Statistical inference draws conclusions about populations from sample data. It bridges the gap between observed data and general principles.

Point Estimation

A point estimator θ̂ is a single value used to estimate an unknown parameter θ.

Properties of Estimators

Bias: Bias(θ̂) = E[θ̂] - θ. An estimator is unbiased if E[θ̂] = θ.

  • x̄ is unbiased for μ
  • s² (with n-1 denominator) is unbiased for σ²
  • s is biased for σ (but consistent)

Variance: Var(θ̂). Lower is better. The standard error SE(θ̂) = √Var(θ̂).

Mean Squared Error: MSE(θ̂) = Var(θ̂) + Bias²(θ̂). Combines bias and variance.

Consistency: θ̂ converges to θ as n → ∞ (in probability).

Efficiency: Among unbiased estimators, the one with smallest variance.
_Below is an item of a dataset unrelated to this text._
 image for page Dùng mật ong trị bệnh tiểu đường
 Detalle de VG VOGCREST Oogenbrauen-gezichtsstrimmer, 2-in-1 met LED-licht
The Cramér-Rao lower bound gives the minimum possible variance.

Maximum Likelihood Estimation (MLE)

Find θ that maximizes the likelihood function:

L(θ | x) = P(x | θ) = Πᵢ f(xᵢ | θ)

In practice, maximize the log-likelihood (easier, same maximum):

ℓ(θ) = Σᵢ ln f(xᵢ | θ)

Set ∂ℓ/∂θ = 0 and solve.

Example: Normal distribution MLE.

ℓ(μ, σ²) = -n/2 ln(2π) - n/2 ln(σ²) - Σ(xᵢ-μ)²/(2σ²)
∂ℓ/∂μ = 0 → μ̂ = x̄
∂ℓ/∂σ² = 0 → σ̂² = (1/n) Σ(xᵢ - x̄)²   (biased!)

Properties of MLE:

  • Asymptotically unbiased, consistent, efficient
  • Asymptotically normal: θ̂ → N(θ, I(θ)⁻¹) where I(θ) is the Fisher information
  • Invariant: if θ̂ is MLE of θ, then g(θ̂) is MLE of g(θ)

Method of Moments (MOM)

Set sample moments equal to population moments and solve:

(1/n) Σ xᵢᵏ = E[Xᵏ]    for k = 1, 2, ...

Simpler than MLE but generally less efficient.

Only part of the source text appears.